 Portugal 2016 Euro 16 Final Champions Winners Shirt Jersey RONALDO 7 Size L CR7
-- -- --
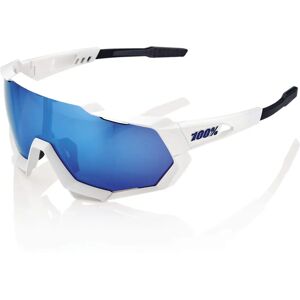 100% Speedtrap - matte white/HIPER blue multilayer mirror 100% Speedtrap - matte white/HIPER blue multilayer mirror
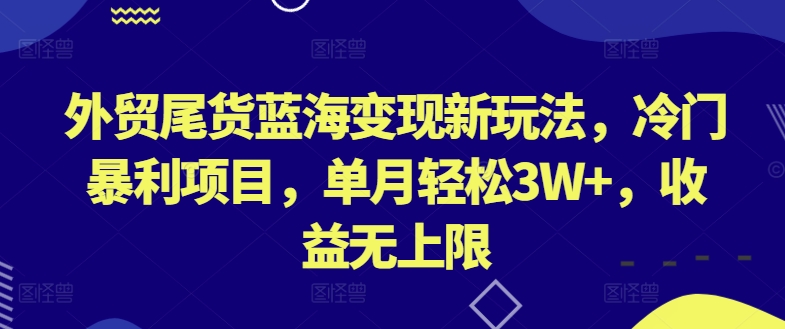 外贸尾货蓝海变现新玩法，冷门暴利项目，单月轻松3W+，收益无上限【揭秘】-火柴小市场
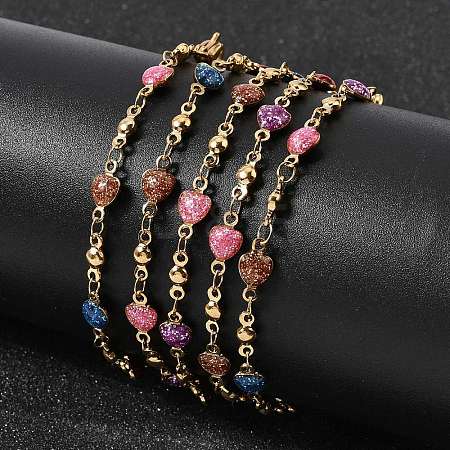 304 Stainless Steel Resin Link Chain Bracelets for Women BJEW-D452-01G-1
-- -- --
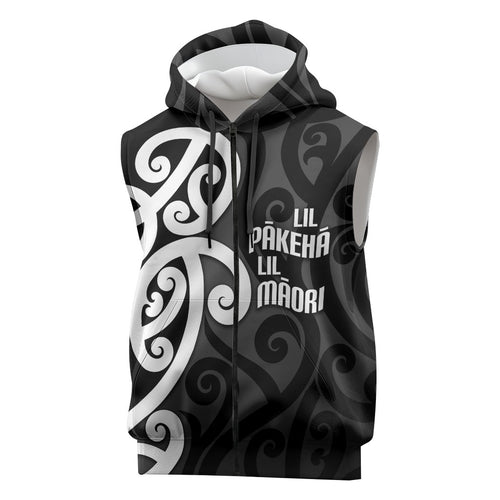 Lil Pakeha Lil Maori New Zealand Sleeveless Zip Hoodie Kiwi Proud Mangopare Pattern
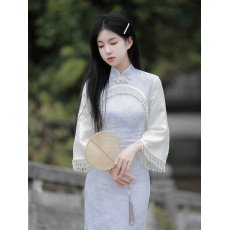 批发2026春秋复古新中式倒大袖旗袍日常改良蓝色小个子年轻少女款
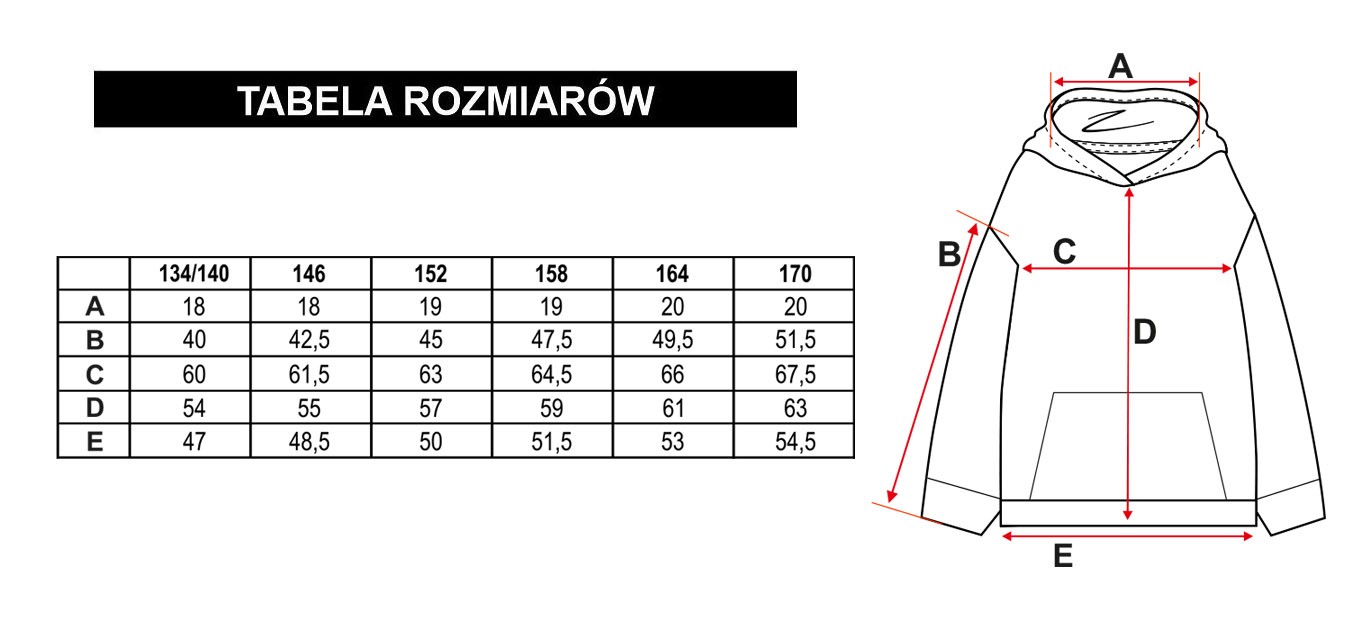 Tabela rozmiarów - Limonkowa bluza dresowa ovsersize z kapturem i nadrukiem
-- -- --
Taking the material above, give again exactly the lines from the one holding "Lil Pakeha Lil" through the one holding "Tabela rozmiarów - Limonkowa", with both ends and without pictures.

 Lil Pakeha Lil Maori New Zealand Sleeveless Zip Hoodie Kiwi Proud Mangopare Pattern
 批发2026春秋复古新中式倒大袖旗袍日常改良蓝色小个子年轻少女款
 Tabela rozmiarów - Limonkowa bluza dresowa ovsersize z kapturem i nadrukiem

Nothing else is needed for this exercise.